• **Exercise instructions**
Search the records below for the string "Blue", and report each line that contains it.

--- Dataset entries Enclosed Below ---

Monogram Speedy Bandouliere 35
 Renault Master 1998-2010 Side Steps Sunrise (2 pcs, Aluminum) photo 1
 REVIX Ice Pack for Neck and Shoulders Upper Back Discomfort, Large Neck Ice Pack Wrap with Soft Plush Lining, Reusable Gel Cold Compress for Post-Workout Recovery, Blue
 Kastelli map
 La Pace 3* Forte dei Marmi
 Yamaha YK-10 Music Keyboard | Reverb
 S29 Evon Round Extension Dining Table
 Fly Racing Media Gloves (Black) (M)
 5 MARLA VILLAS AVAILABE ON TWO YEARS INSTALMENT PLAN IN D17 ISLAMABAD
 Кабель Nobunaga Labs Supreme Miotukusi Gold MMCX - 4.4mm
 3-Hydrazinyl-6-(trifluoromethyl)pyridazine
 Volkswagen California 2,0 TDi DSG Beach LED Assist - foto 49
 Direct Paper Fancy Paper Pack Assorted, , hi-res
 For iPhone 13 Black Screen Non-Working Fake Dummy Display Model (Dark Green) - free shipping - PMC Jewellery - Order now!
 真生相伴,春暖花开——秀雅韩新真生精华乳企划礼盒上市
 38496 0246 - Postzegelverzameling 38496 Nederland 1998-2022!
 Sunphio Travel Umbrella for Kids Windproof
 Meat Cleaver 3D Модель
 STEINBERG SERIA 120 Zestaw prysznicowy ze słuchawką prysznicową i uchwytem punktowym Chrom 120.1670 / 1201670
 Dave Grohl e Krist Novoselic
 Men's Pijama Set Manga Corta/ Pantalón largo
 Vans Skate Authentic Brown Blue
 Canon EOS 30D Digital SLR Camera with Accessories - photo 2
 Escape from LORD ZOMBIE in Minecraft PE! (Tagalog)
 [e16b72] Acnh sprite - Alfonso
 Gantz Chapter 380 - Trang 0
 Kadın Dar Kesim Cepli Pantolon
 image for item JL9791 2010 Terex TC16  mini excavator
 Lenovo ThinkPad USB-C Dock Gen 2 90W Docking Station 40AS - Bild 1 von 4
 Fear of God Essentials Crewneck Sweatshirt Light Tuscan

--- End of Enclosed Dataset entries ---

• **Task response**
 REVIX Ice Pack for Neck and Shoulders Upper Back Discomfort, Large Neck Ice Pack Wrap with Soft Plush Lining, Reusable Gel Cold Compress for Post-Workout Recovery, Blue
 Vans Skate Authentic Brown Blue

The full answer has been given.